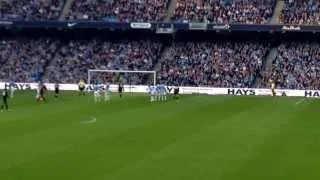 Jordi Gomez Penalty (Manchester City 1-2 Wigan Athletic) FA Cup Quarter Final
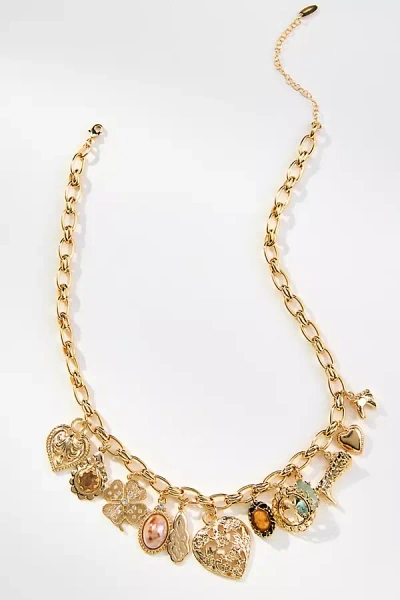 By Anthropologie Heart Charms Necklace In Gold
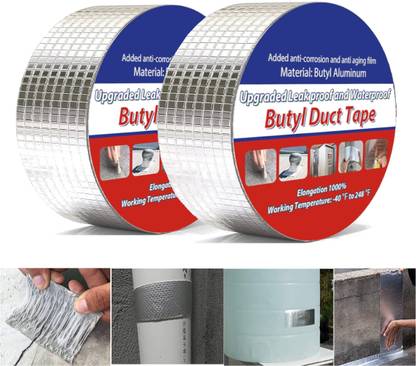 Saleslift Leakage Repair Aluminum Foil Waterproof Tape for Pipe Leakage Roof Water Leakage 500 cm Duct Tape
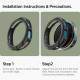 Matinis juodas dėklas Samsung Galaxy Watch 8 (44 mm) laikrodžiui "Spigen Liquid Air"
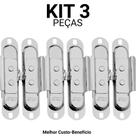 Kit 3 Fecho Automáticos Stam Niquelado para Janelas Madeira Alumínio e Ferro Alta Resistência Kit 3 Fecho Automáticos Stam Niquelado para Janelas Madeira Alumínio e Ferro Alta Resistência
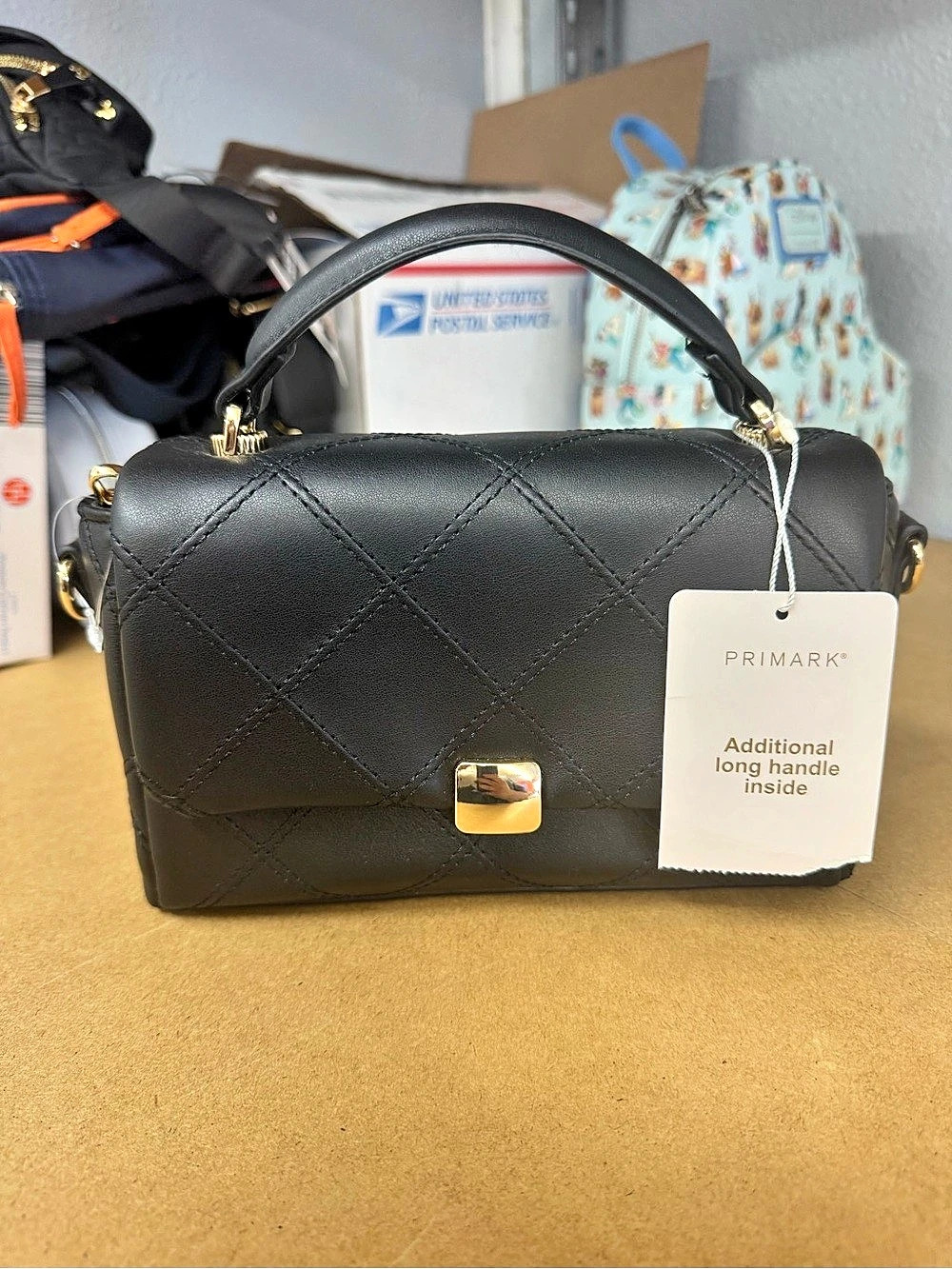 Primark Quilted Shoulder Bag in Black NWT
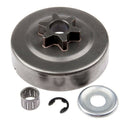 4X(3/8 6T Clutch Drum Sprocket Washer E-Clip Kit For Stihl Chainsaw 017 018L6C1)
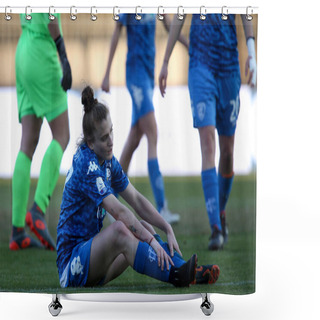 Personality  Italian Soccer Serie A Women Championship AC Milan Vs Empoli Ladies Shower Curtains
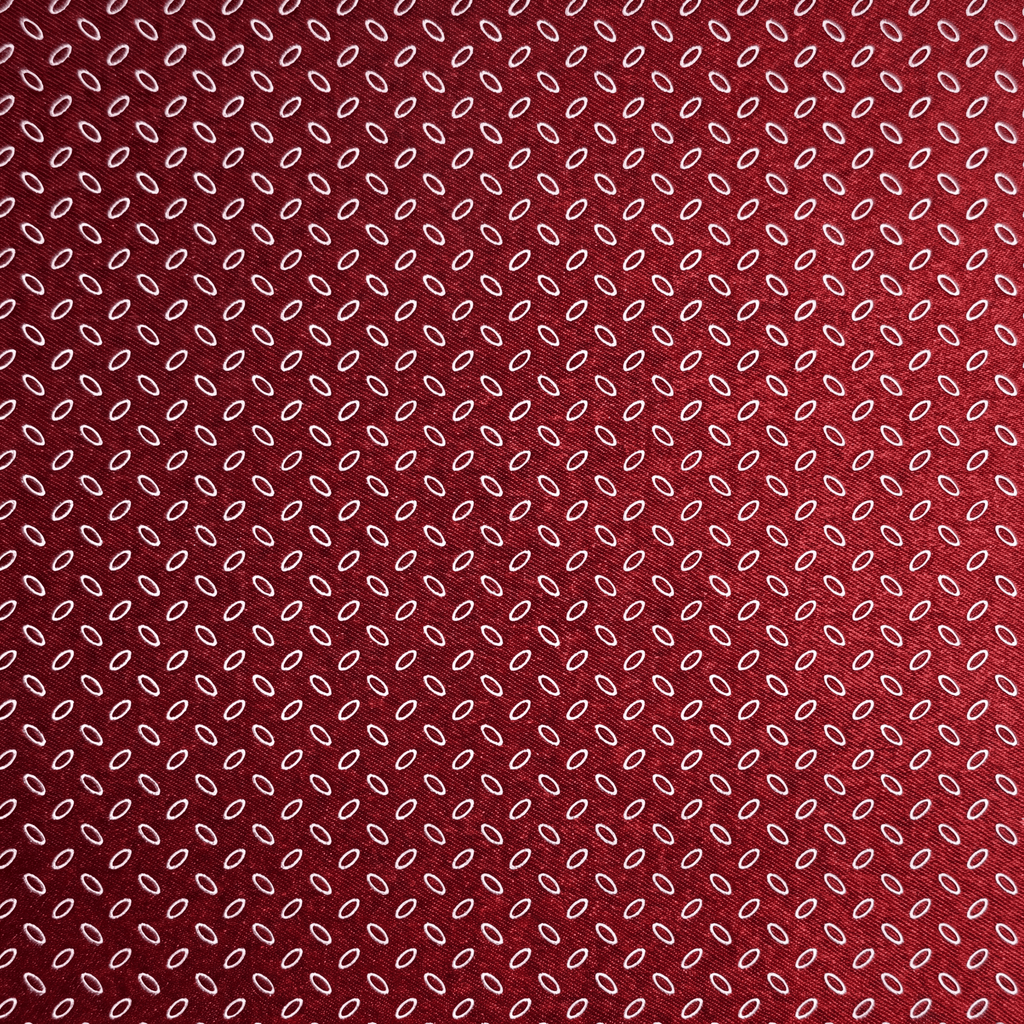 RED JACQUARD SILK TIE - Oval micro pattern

ABOUT THIS EXERCISE: Beginning with the line containing "Ladies Shower Curtains" and ending with the last line of the material, output each line exactly; do not include pictures.

TASK SOLUTION:
 Personality  Italian Soccer Serie A Women Championship AC Milan Vs Empoli Ladies Shower Curtains
 RED JACQUARD SILK TIE - Oval micro pattern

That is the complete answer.